“Not that I speak in regard to need, for I have
learned in whatever state I am, to be content”
(Philippians 4:11 NKJV).
While traveling through a rural area I passed a field where cattle were grazing. One cow had her head through the fence eating the grass in the ditch beside the road. Another cow, only a few feet away, was outside the fence in the ditch. The second cow also had her head through the fence, eating the grass from the pasture.
That is the best illustration I have ever seen of the principle, “The grass is always greener on the other side of the fence.”
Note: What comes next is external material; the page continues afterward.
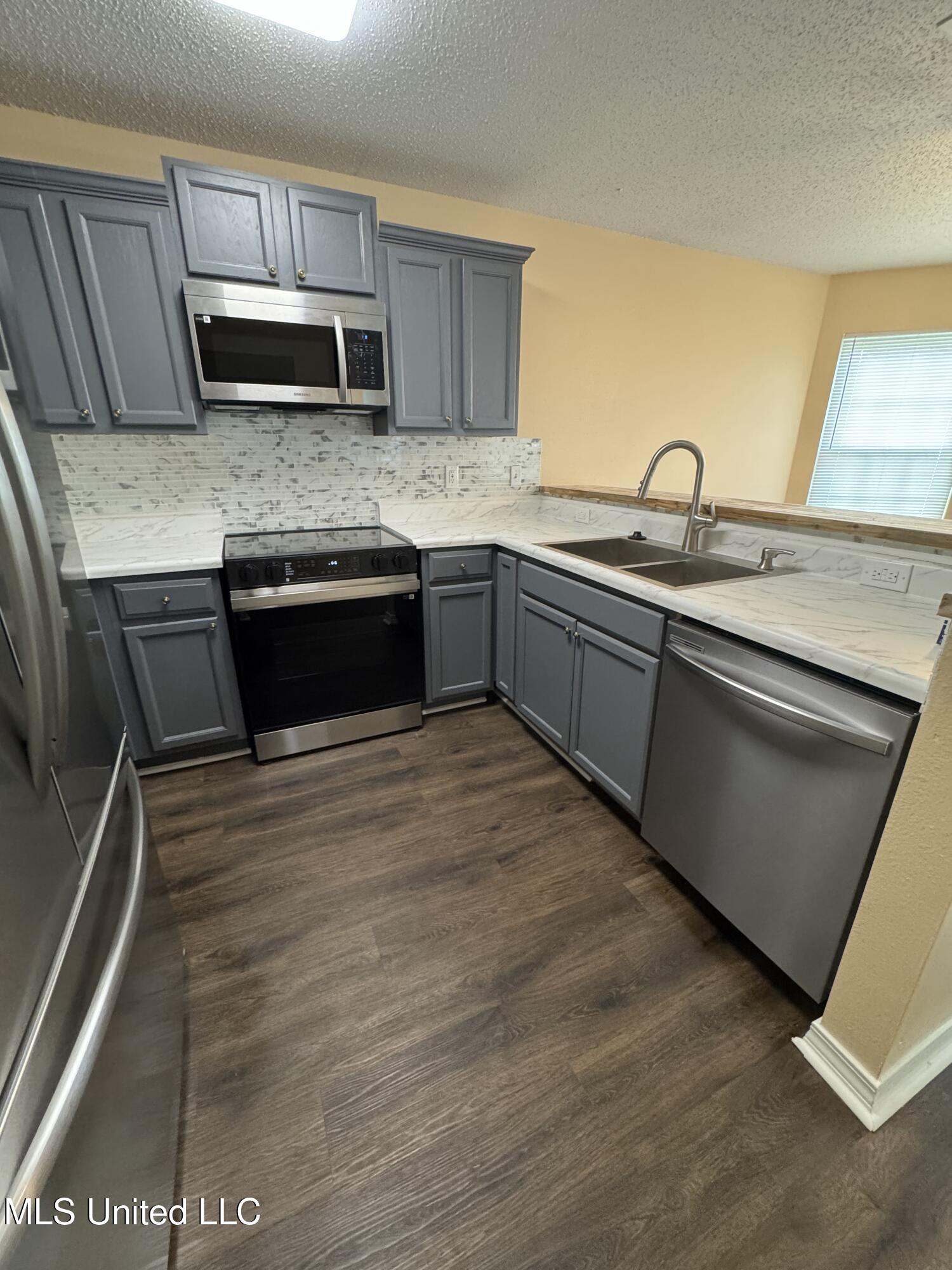 13401 Warren Drive Property Photo 2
No matter where we are, or what we have, we can usually find something that we do not have which we think would make us happier, if we could only attain it. It may be another job, a different spouse, or a move to a far country (see Luke 15:11-32).
The truth is that those things will not make us happier or more successful. The roots of happiness are within ourselves.
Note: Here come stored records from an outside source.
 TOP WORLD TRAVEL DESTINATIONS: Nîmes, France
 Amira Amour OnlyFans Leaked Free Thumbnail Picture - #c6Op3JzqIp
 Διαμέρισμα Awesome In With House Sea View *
Paul expressed it perfectly through his own experience as well as through inspiration. He had learned to be content in any circumstance, because he had learned to trust Christ for everything (see verses 12-13).
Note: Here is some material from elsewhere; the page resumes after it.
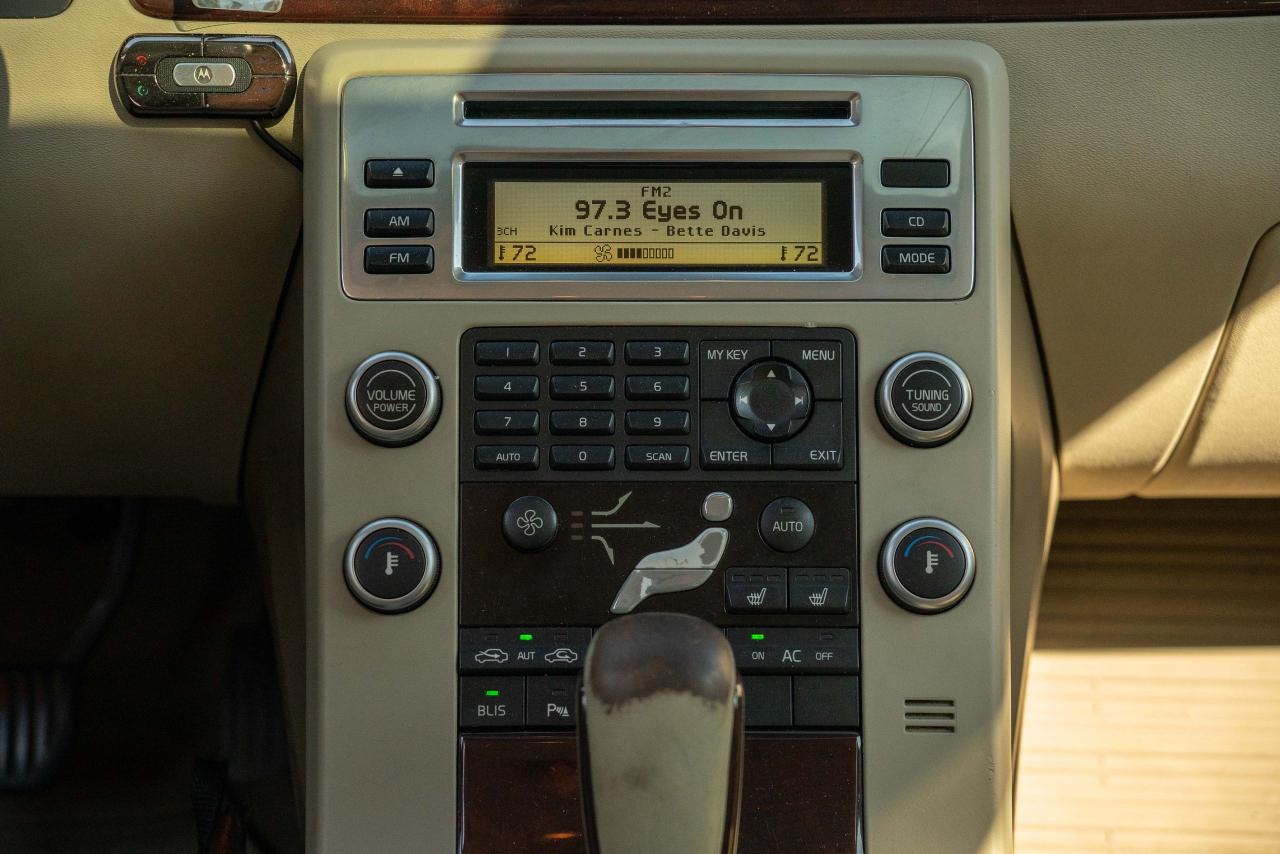 2008 Volvo XC70 3.2L AWD WAGON - Photo #31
An American pioneer traveled west to relocate his family. At a frontier outpost he asked a store owner about the country to which he was moving, and the people he would find there. The storekeeper asked him, “What kind of people were in your old country?” The traveler replied, “A poor sort, unfriendly and unhelpful.” The storekeeper responded, “That is about the same kind you will find where you are going.”
Soon another traveler came to ask him the same question. When the storekeeper asked him about the people he left behind he answered, “The best people in the world, helpful, generous, and kind.” The store owner then responded, “You will be glad to find in your new home people of that exact type.”
An observer had heard both conversations. When the second man left he asked, “Were those two men not going to the same place? How could you tell them there would be two opposite kinds of people there?” The storekeeper responded, “Each will find people who will respond to his own expectations and attitudes. They will determine how others will treat them.”
We carry the seeds of our own success wherever we go.
If we determine to find happiness and contentment, we almost certainly will. If we expect disappointment that is what we will have.
Whenever we insist on gazing longingly over the fence, seeing better things just beyond our reach, we have laid the foundation for misery. Let us learn to accept the reality of our circumstance, making the very best of those blessings God has given us. We will always find they are more than sufficient.